Q: How do you get a crunchy, liberal progressive Seattle Times Columnist to sound like Tucker Carlson?
A: Give him everything he votes for.
Longer Answer: Give him everything he votes for on a silver platter, give him extra helpings, and make sure he takes home the leftovers.
It’s been 20 years since I lived in Seattle (4th and Wall, specifically), but I’ve visited the city multiple times over the years since then, and I can’t remember seeing any free parking except in the residential areas (Ballard, Freemont, etc) and even there street parking is metered in the commercial areas of those parts of town. I can’t imagine the homeowners who pay property taxes in residential areas would stand for having to also pay metered rates for parking on the streets in front of single family homes and I wouldn’t put it past the city to already have some kind of permit parking on a lot of the streets with concentrations of apartment buildings around UW.

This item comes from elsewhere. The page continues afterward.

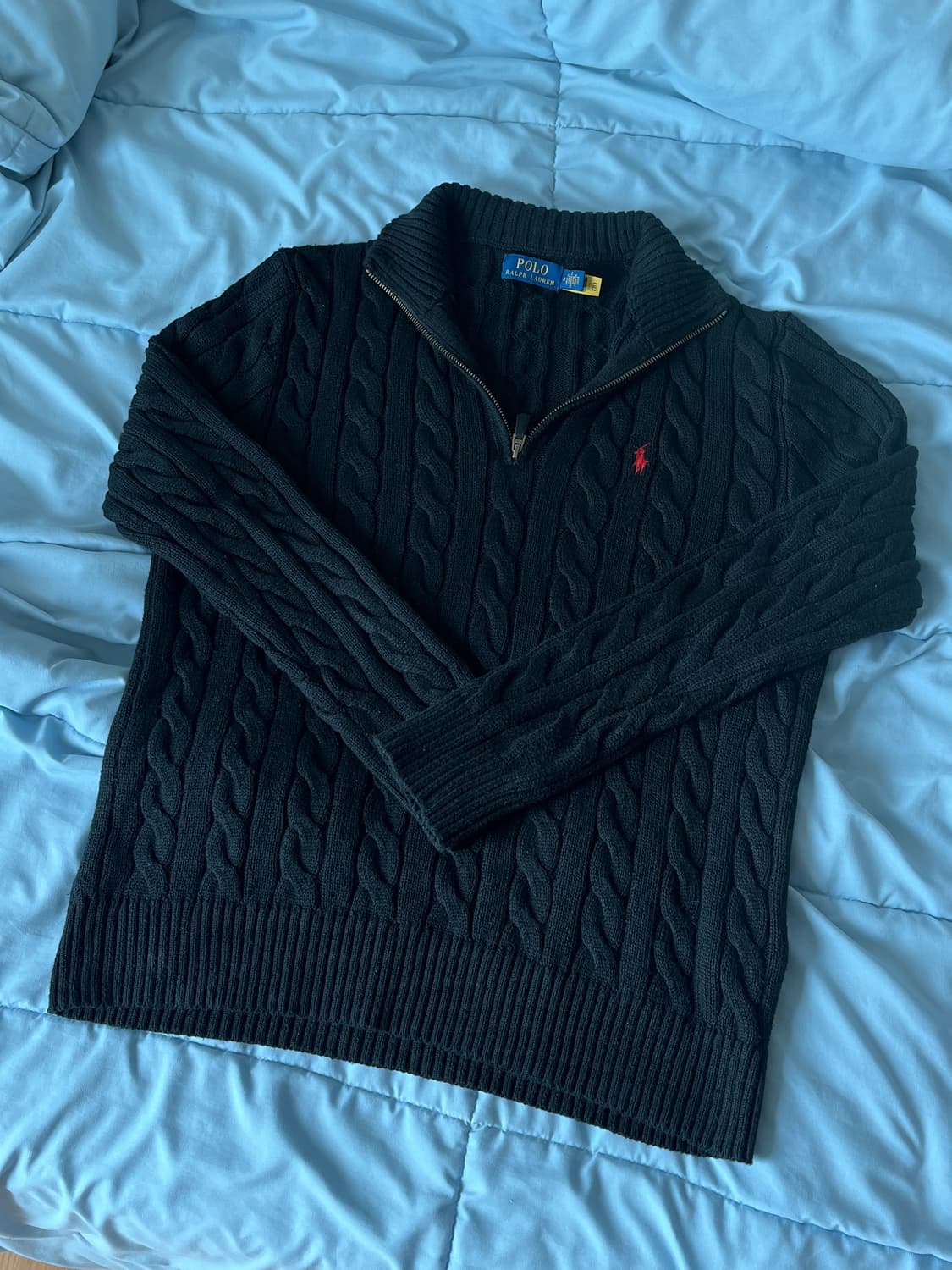 폴로 랄프로렌 케이블 니트 반집업 블랙 M 상품이미지1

The gridlock I remember is largely created by the city planners; I’ll probably never forget heading down along the west side of lake Union (I think it was 7th or 8th Ave?) and seeing the traffic lights changing in exact sync for 6-7 blocks ahead with no two consecutive lights ever being green at the same time. On the freeways, I always put it on the local drivers (possibly the worst in the english-speaking world, at least in 2001-2003). Any group larger than 7 vehicles would somehow manage to create a rolling obstruction to traffic on a 3-4 lane freeway; people seemed to love driving in precise formation (maybe trying to linger in each other’s “blind spots” thereby preventing any potential lane change by a nearby vehicle?) so as to create a mobile blockage travelling at 10-15 mph under the posted limit and allowed at most 1 or 2 other cars to sneak by each minute.
I wonder what happened to the people who paid their parking fines before the tickets were declared invalid. Did they get refunds?
No need to bother with this one –
No one will be able to afford to drive a car after a couple more weeks of Biden and the democrats war on gasoline.
They can assign a parking space and a tent to each homeless person and end homelessness in Seattle in one day.
(gonna be a bitch come December, but what the hell)
Of course, if you’ve already paid your ticket do not be expecting a refund or you’re gonna be disappointed.